• **Exercise data**:
..........

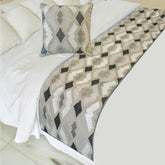 Thread Tale Decorative Bed Runner and Pillow Cover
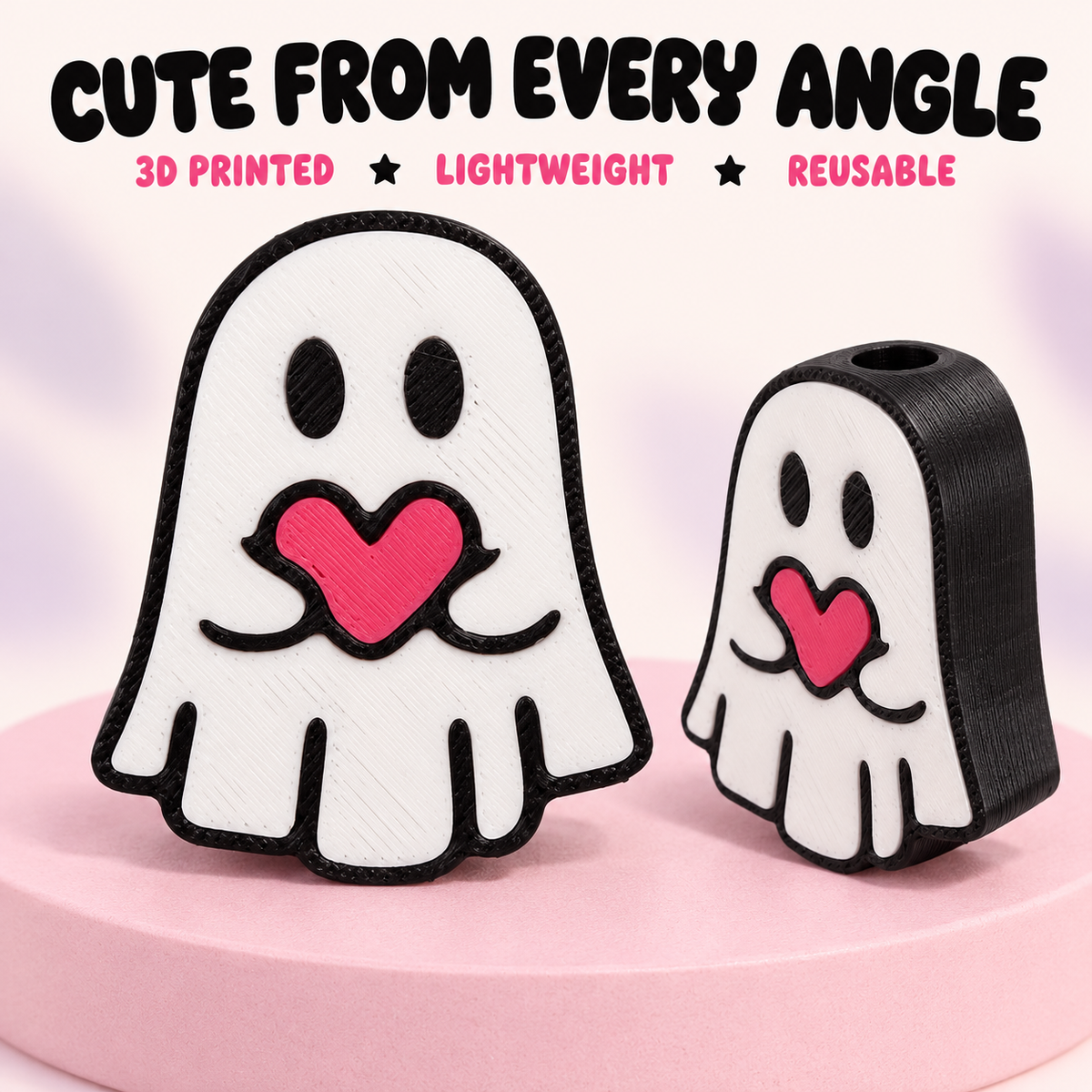 Ghost Straw Topper – Cute Halloween Cup Accessory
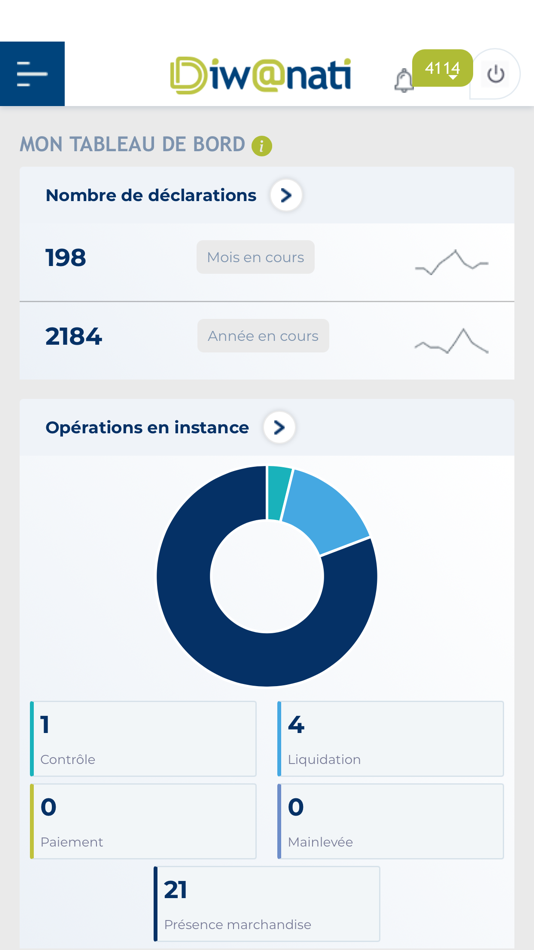 #2. Diw@nati (iOS) 由: ADMINISTRATION DES DOUANES ET IMPÔTS INDIRECTS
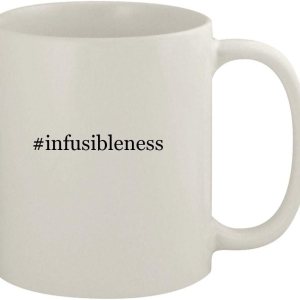 #infusibleness – 11oz Ceramic White Coffee Mug, White #infusibleness – 11oz Ceramic White Coffee Mug, White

..........

• **Task goal**: Your reply should consist solely of the lines from the one containing "Ghost Straw Topper" through the last line of the material, reproduced exactly and without pictures.

• **Exercise solution**:
 Ghost Straw Topper – Cute Halloween Cup Accessory
 #2. Diw@nati (iOS) 由: ADMINISTRATION DES DOUANES ET IMPÔTS INDIRECTS
 #infusibleness – 11oz Ceramic White Coffee Mug, White #infusibleness – 11oz Ceramic White Coffee Mug, White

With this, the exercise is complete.